Ideate is an Application Framework from a company called Consilience International that was started about 2 years ago by a couple of process folks looking to do something that was more suitable for highly evolvable, dynamic environments where runtime adaption was important. These kinds of dynamic applications are increasingly a focus for companies.
Ideate is an Application Framework from a company called Consilience International that was started about 2 years ago by a couple of process folks looking to do something that was more suitable for highly evolvable, dynamic environments where runtime adaption was important. These kinds of dynamic applications are increasingly a focus for companies. Consilience’s view is that dynamic applications need a dynamic architecture, an application architecture with the flexibility of a linked network with the capability of reusable services.

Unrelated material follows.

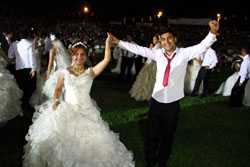 Samsun'da 43 Çift Aynı Anda Evlendi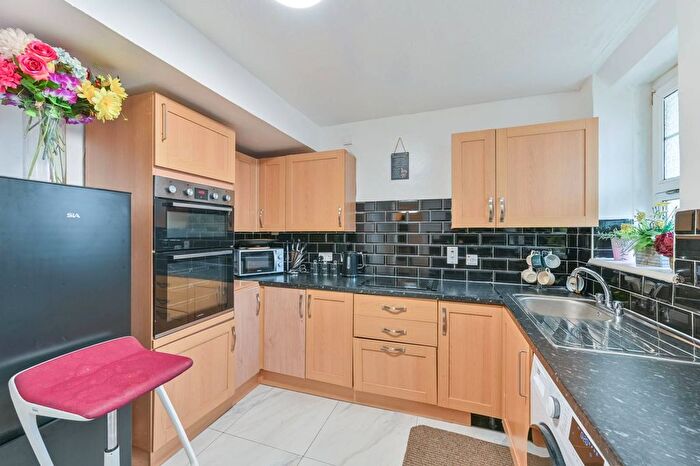 2 Bedroom Flat To Rent In Barville Close, Brockley, London, SE4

Companies tend to focus on “premature optimization” by building the “optimal design” into a static structure. The alternative is to externalize all relationships so that they can be reconfigured on the fly. Ideate is designed to loosely couple everything and put everything in the cloud as “data”: Data, metadata, reference data, transaction data, services rules, policies, interfaces, program logic etc. Ideate aims to deliver an optimal amount of business relevance and policy precision.
There’s no compiled code, everything is declarative and the software allows people to define systems with everything from user interfaces to search to object create/read/update/delete etc. Standard interface components can allow access to any kind of “thing” such as cases or transactions or people. Access rights control which things you can see and the whole system is web based. A dynamic schema can be generated – a read-time schema – to allow standard reporting tools to be used. Any change to an object is logged and can be accessed also. Reviews and comments are also widely supported, allowing comments on a field for instance. Documents can also be managed as things.

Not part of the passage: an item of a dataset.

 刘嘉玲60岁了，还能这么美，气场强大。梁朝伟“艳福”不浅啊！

Design time and run time are both treated as objects in the system, allowing sysadmins for instance to manage the definition of objects in the browser using the same tools as a user uses to manage data about customers. As a designer you essentially see a different set of resources – application resources like user interfaces, tasks, reports, entities. The web-based IDE shows the user interfaces, tasks, and other entities through a graph of the relationship. Each thing has a set of information about it – so a task has an assigned person or role, what happens in terms of user interface and what happens after the task for instance. There is a robust mechanism for approving changes – someone can ask, for instance, for a new value in an attribute and have this ripple through the system, get displayed to approvers and approved, changing the behavior of the system.

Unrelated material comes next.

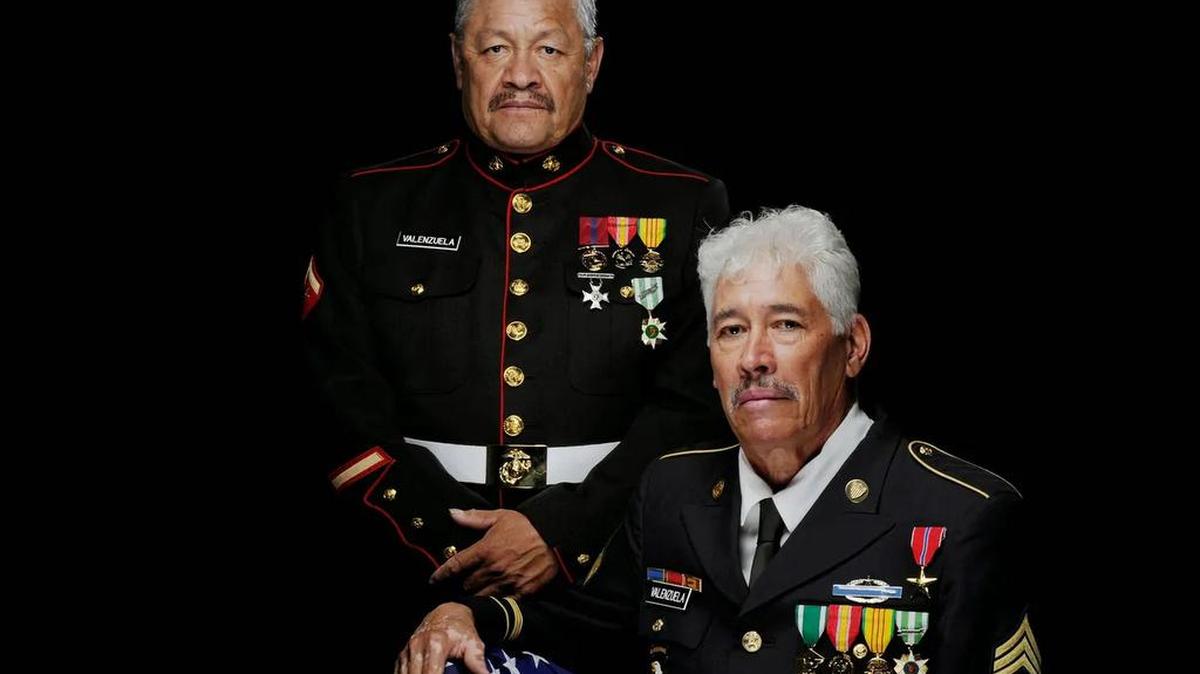 Fotograma cedido por Burning Box Studio donde aparecen los hermanos Manuel y Valente Valenzuela en el documental ‘American Exile’, producido por John Valadez y Carleen Hsu y filmado a lo largo de siete años.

They are using JBoss Drools as a rules engine and creating an abstraction layer above it. They most use a simple point and click interface for managing rules but also support more robust functionality such as a policy represented by a decision table containing many rules. These rules can see all the declarative elements and use them in both conditions and actions. The decision tables can have multiple columns and rows, the usual conditions and support functions. They currently focus on batch application of rules across instances using MapReduce. This process keeps a complete history of how this was done and users can see which rules fired etc. Large numbers of rules are manageable using the Drools external spreadsheet capability but these rules are then being managed outside the web-based environment. Because everything in the system links to a resource and all the UI components simply edit or call the resources a policy resource (decision table) could be used anywhere.
This kind of declarative approach to building systems has always appealed to me but it has been hard to find an environment that was not super-geeky and heavyweight. Ideate’s web-based approach is interesting and they already have customer implementations and test sites on several continents.